REQUIREMENT. After finding the line containing "1324 Canal St" below, please output that line and each following one through the line containing "Подушка амортизатора (переднього)", exactly as written.

PROVIDED RECORDS.
══════

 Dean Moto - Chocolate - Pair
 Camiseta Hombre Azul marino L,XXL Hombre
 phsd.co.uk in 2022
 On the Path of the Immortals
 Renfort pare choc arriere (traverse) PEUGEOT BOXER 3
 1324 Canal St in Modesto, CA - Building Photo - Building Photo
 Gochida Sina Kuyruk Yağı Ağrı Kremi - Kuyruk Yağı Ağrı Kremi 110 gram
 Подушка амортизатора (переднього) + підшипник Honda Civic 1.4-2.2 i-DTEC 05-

══════

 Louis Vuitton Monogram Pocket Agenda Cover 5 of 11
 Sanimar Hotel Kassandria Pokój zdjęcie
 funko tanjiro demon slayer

══════

OUTPUT FOR THIS EXERCISE.
 1324 Canal St in Modesto, CA - Building Photo - Building Photo
 Gochida Sina Kuyruk Yağı Ağrı Kremi - Kuyruk Yağı Ağrı Kremi 110 gram
 Подушка амортизатора (переднього) + підшипник Honda Civic 1.4-2.2 i-DTEC 05-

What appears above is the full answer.